Rhonda, I've heard of those cookies but have never tried them either. I do make a NY cheesecake that I got out of McCalls magazine about 40 years ago. Very good. Ha. I failed to mention that Frances is 91 years old and sure knows her chile. She is in assisted living so doesn't cook now, but my mouth waters for her breakfasts with eggs,bacon or sausage, potatoes, tortillas and chile. Oh my.....
Great sketch of the mat and door, Jo - love your squigglies!! And the pepper photos were really interesting - I never knew how that was done!
Hi Regina, thank you. The chile used to be roasted on top of a wood stove or in the oven. Now they make a metal basket and turn it over a butane burner. They can roast one or two gunny sack fulls at a time. We also cooked it on our grill. They roast it in about 10 minutes and we used to take all day, turning the chile a pod at a time on the stove or grill.
I really enjoyed reading your blog about chiles. I remember my sister thinking she really like hot Mexican food...until she found out that American food is not the same as authentic Mexican---much, much hotter. I once strung little red peppers not knowing how hot they were and rubbed my eyes....ow! what a mistake...know better now. Thank you for your generous comments about on my blog.

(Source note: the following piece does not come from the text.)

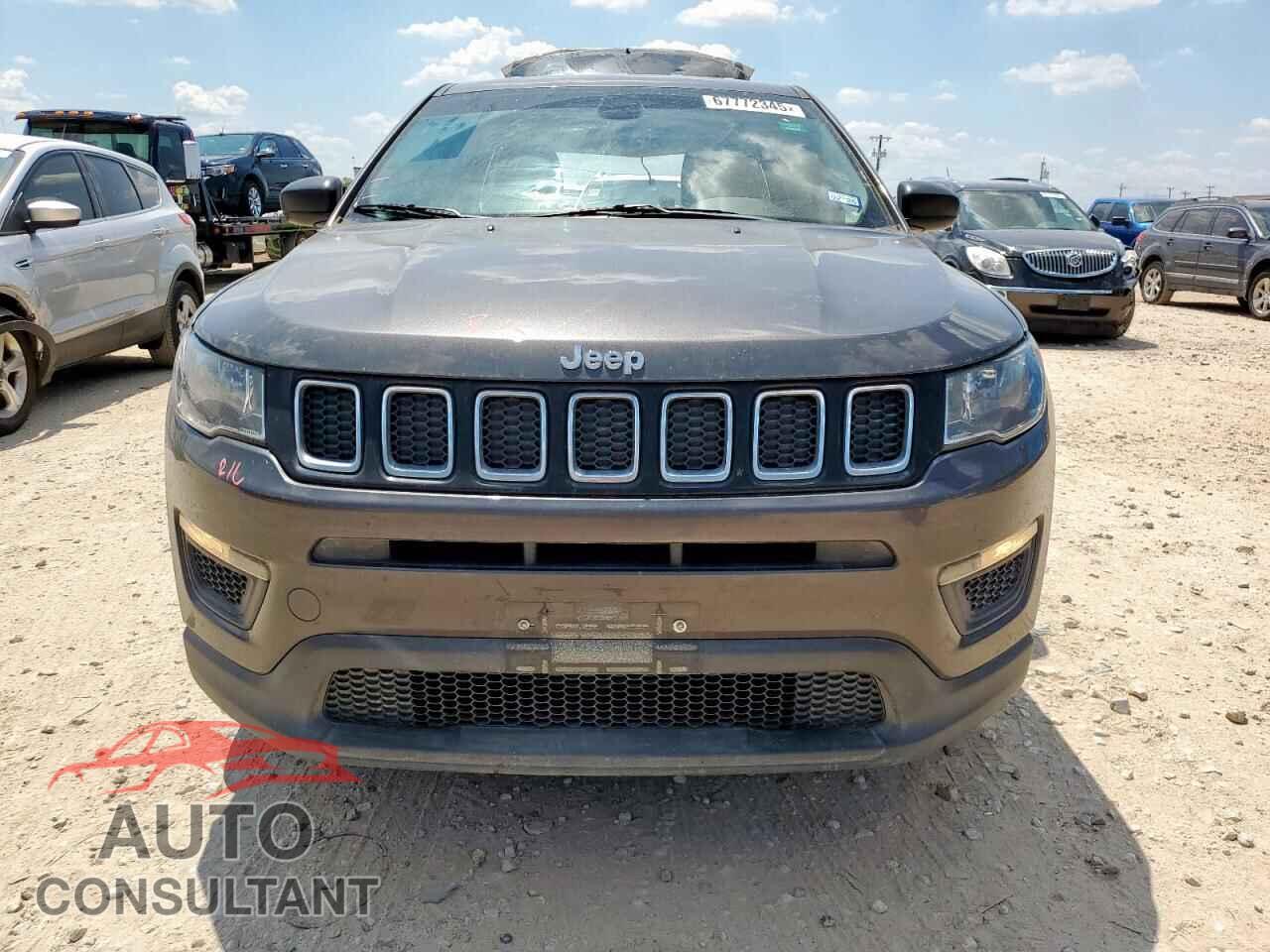 JEEP COMPASS 2020 - 3C4NJDAB1LT120326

I have sent you an award .. you can pick it up at my blog. I really enjoyed looking throughout your sketches/finished work, reading your commentaries (spelling)....what a nice blog to start off the day with.
oooh....you are making me hungry! Those chiles look delicious!

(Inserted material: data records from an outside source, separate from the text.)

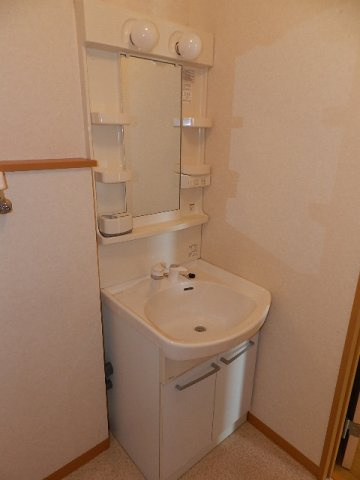Ｕ’グランディスの洗面所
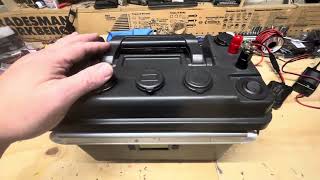 Upgraded/Modified Gigaparts Explorer Deluxe Battery Box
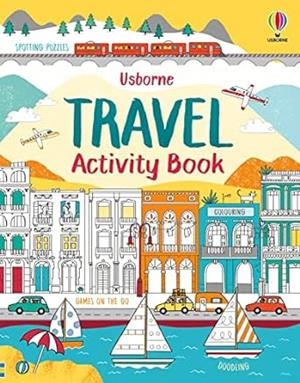 TRAVEL ACTIVITY BOOK | 9781801314954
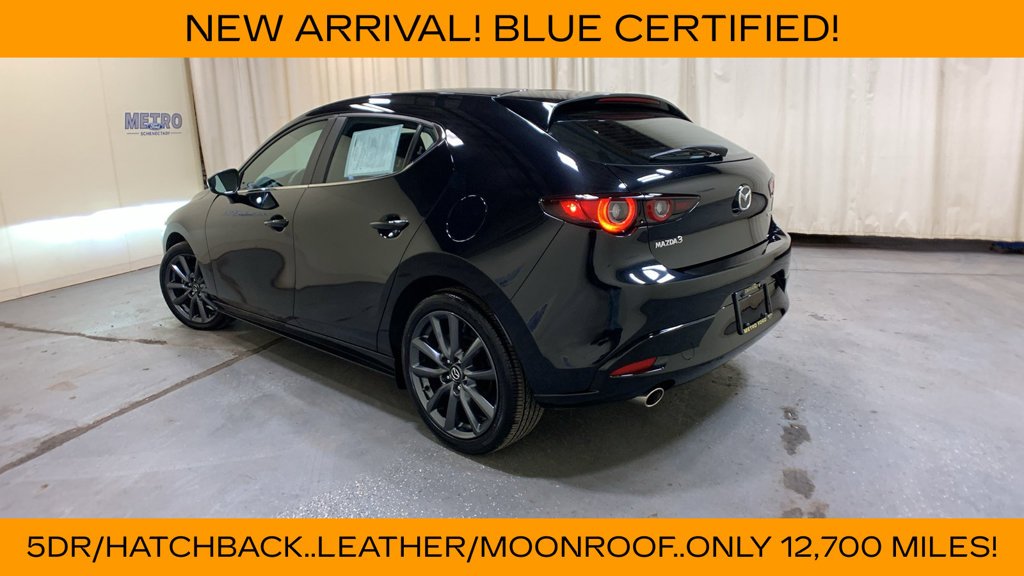 Certified Used 2025 Jet Black Mazda 2.5 S Preferred Package image 5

Joe, I came to your blog via fishing guy, and I love your work! Gorgeous! I hope you don't mind if I add you to my art-related blog, Blue Lotus Tile (http://bluelotustile.blogspot.com)
Come by and check it out but also visit my main blog, A Colorful World (http://daughterm.blogspot.com)

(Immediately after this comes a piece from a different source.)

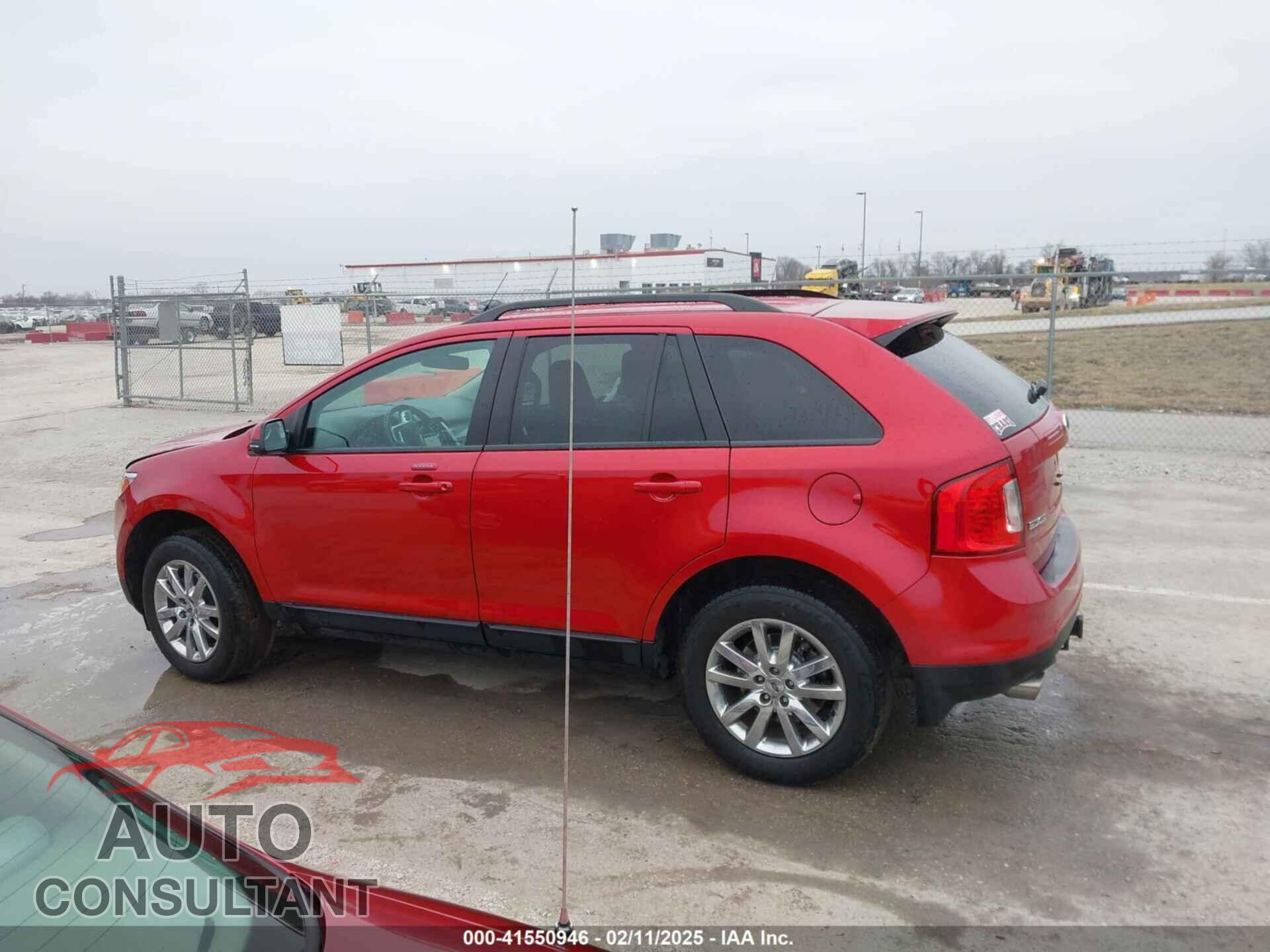 FORD EDGE 2012 - 2FMDK3JC7CBA27152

So, you're from Bastrop!!!! We used to live in Ledbetter! I have a post called Festival Hill you might want to check out. :-) Have a great week! Glad I found you!
Marie
Susan, Hi. Yes chiles can be a little bit hard on the eyes and hands. We wear rubber gloves. New Mexican food is different than California, Arizona and Tex-Mex, too. We miss it and have to take the "real stuff" home with us to Texas.
I will check out the award. Thank you.
Valerie, hi there. Thank you for stopping by this evening.
Hi Marie, Tile Lady, I will check out your blogs in more detail. We are in New Mexico for the summer and in a couple of weeks go back to Bastrop for the winter. Thanks for stopping in, nice to know you.